• Try it: Would you please repeat exactly the entries below, starting at the line with "New Vintage Black" and ending at the line with "El Segundo Chilipalooza", and nothing outside that range? Leave out the pictures.

• Data:
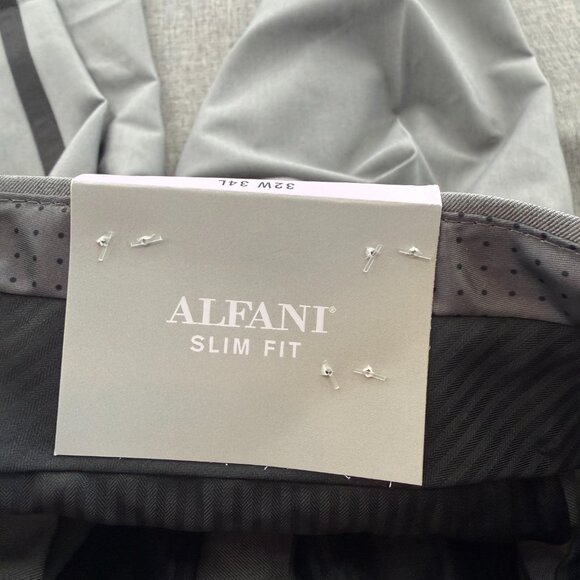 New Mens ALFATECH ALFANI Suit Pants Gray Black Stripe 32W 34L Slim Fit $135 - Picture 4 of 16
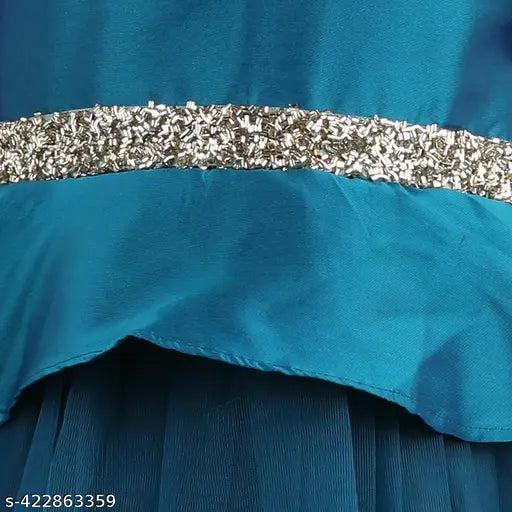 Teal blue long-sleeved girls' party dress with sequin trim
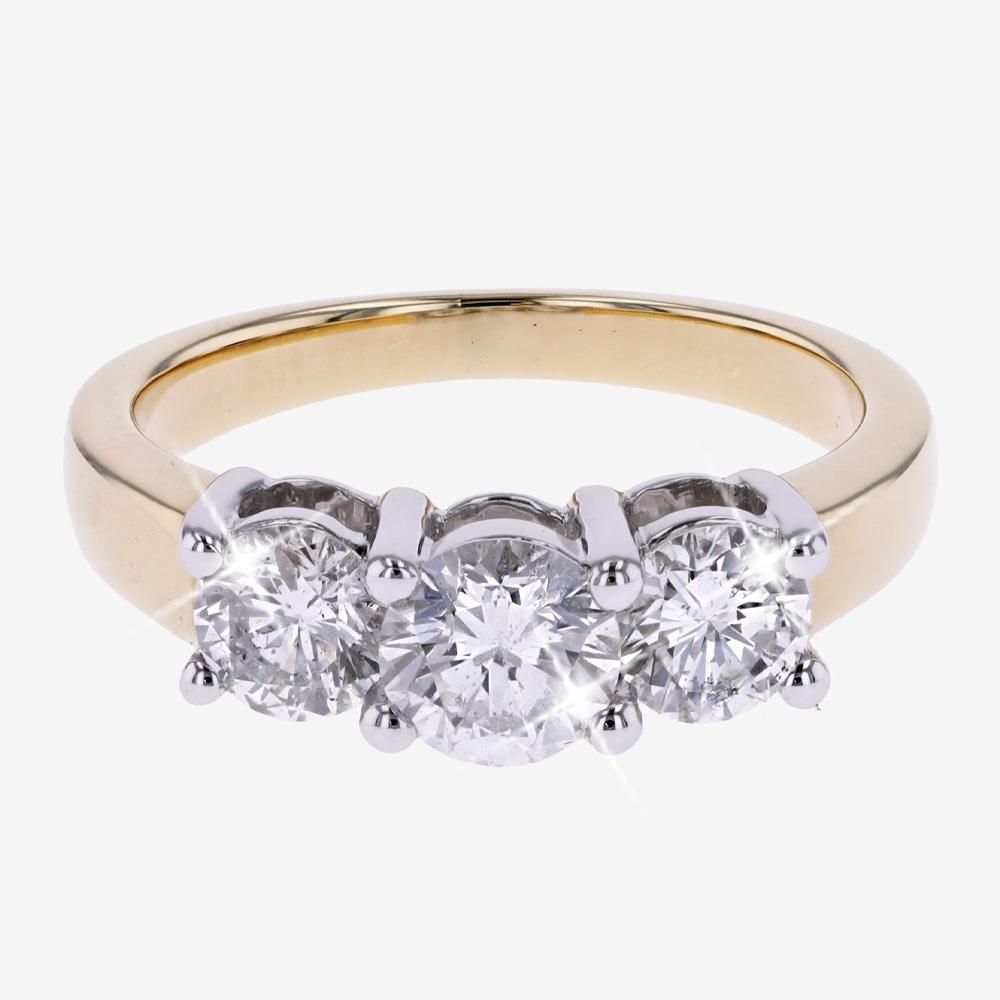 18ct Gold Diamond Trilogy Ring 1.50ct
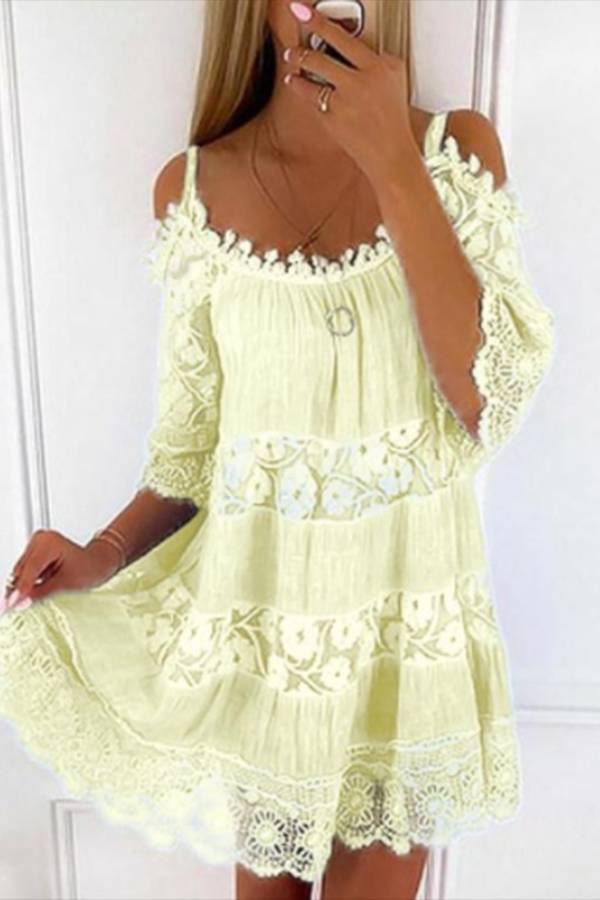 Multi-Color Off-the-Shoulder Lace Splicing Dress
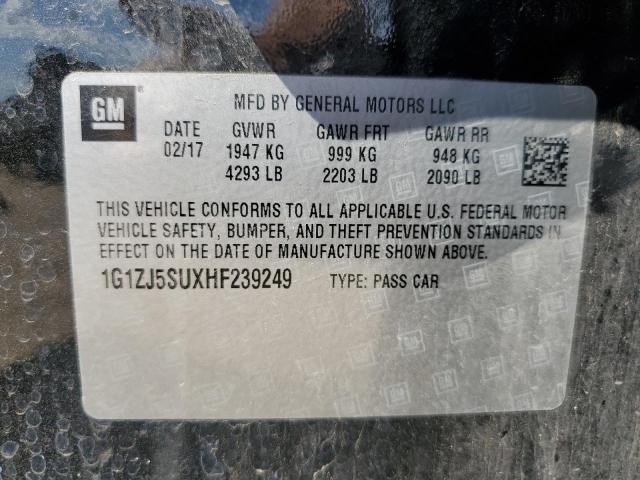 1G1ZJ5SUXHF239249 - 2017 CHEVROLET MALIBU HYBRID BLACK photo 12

--

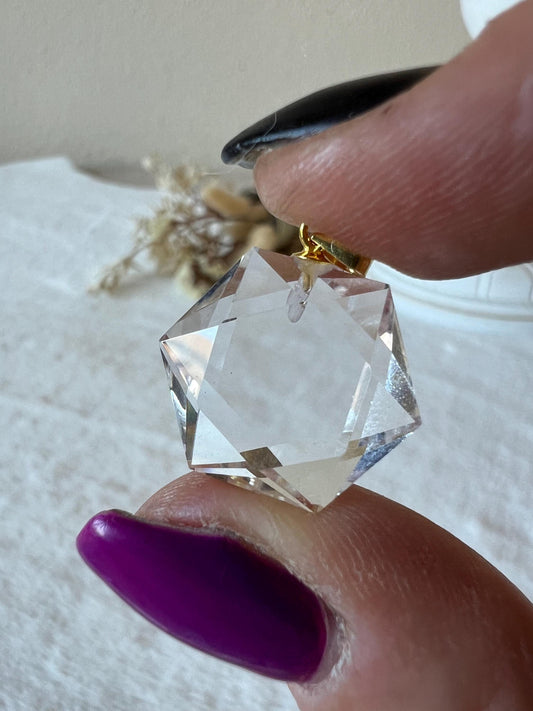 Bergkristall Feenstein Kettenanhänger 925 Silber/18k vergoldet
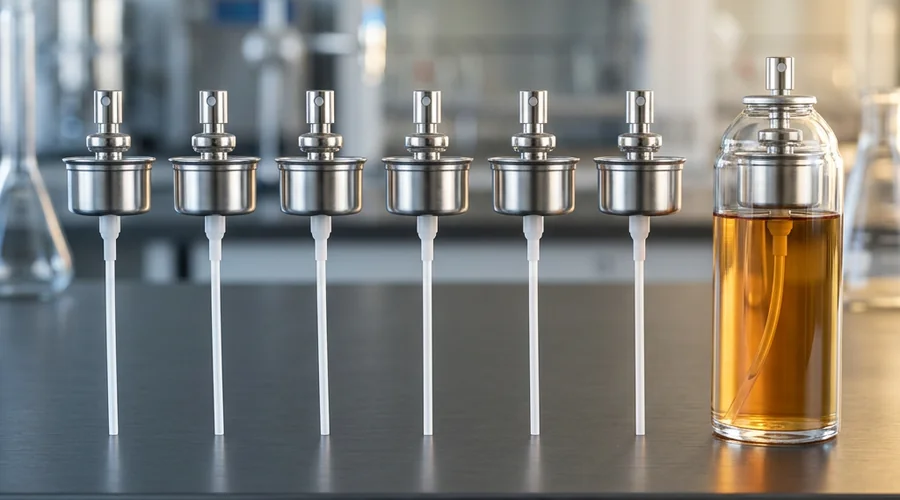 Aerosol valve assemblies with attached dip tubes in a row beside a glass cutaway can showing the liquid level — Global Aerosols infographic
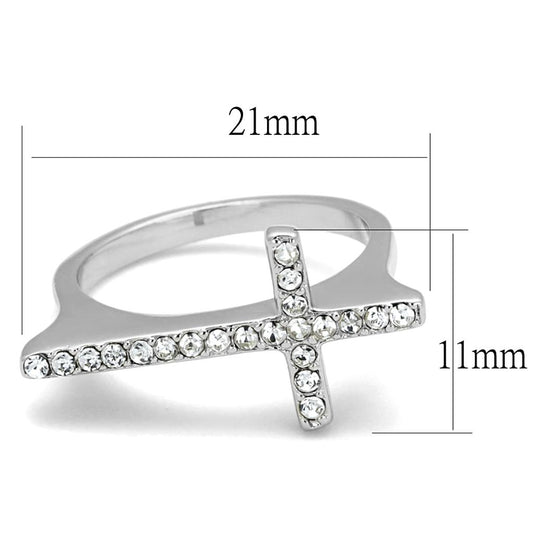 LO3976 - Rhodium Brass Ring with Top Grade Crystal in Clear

--

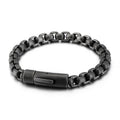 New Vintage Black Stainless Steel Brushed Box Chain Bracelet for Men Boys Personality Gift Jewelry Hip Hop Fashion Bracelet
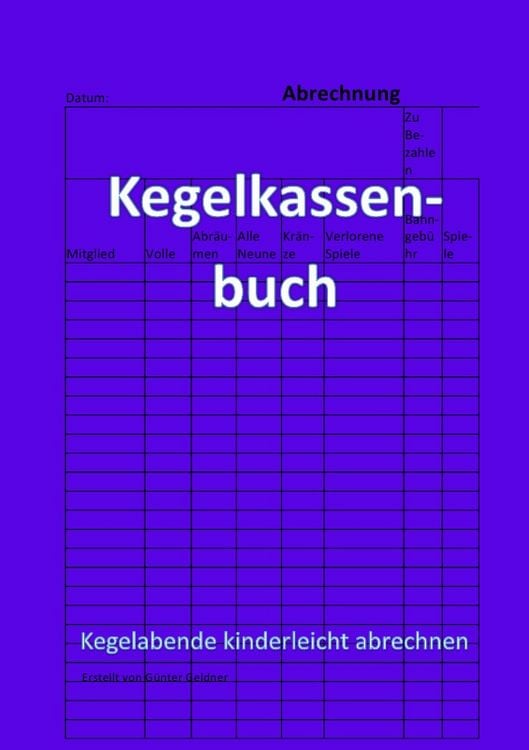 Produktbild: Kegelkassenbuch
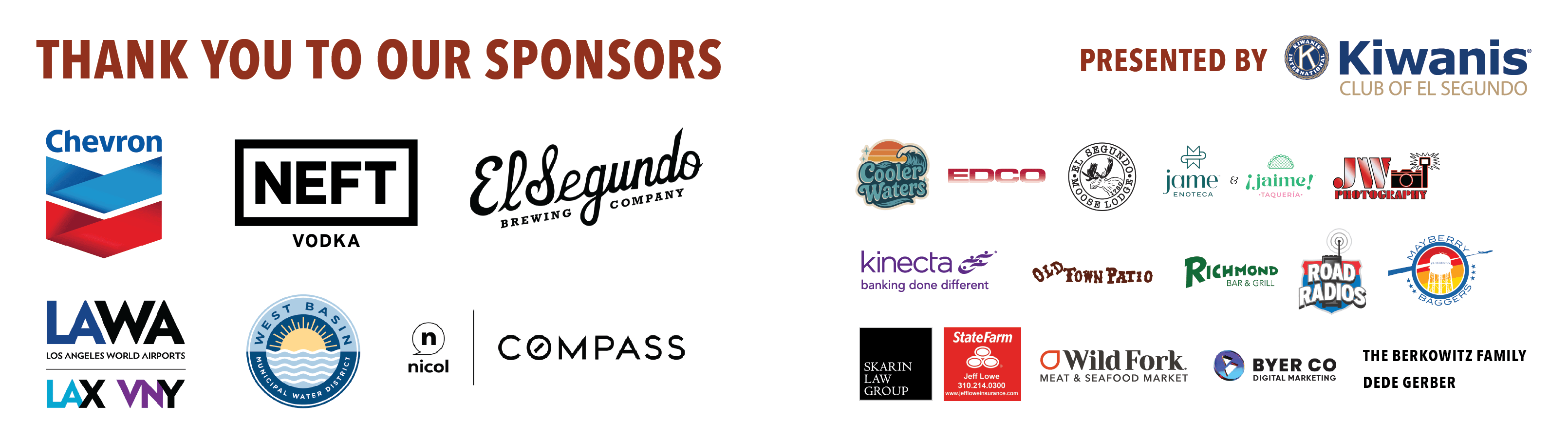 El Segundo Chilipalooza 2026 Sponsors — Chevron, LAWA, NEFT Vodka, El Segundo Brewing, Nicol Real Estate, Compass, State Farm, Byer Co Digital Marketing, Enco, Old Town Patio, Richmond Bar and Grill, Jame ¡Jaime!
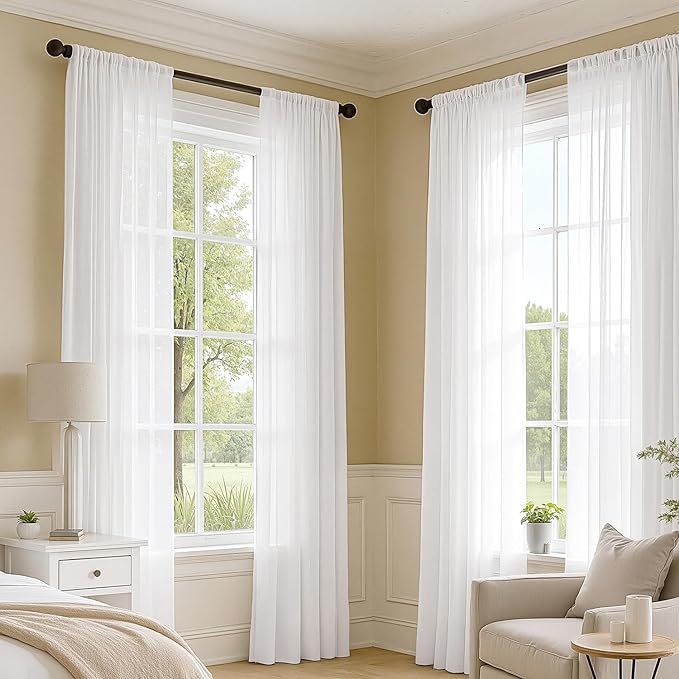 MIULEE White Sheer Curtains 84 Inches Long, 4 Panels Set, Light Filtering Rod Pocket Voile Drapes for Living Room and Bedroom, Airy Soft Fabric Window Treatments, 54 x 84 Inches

• Reply:
 New Vintage Black Stainless Steel Brushed Box Chain Bracelet for Men Boys Personality Gift Jewelry Hip Hop Fashion Bracelet
 Produktbild: Kegelkassenbuch
 El Segundo Chilipalooza 2026 Sponsors — Chevron, LAWA, NEFT Vodka, El Segundo Brewing, Nicol Real Estate, Compass, State Farm, Byer Co Digital Marketing, Enco, Old Town Patio, Richmond Bar and Grill, Jame ¡Jaime!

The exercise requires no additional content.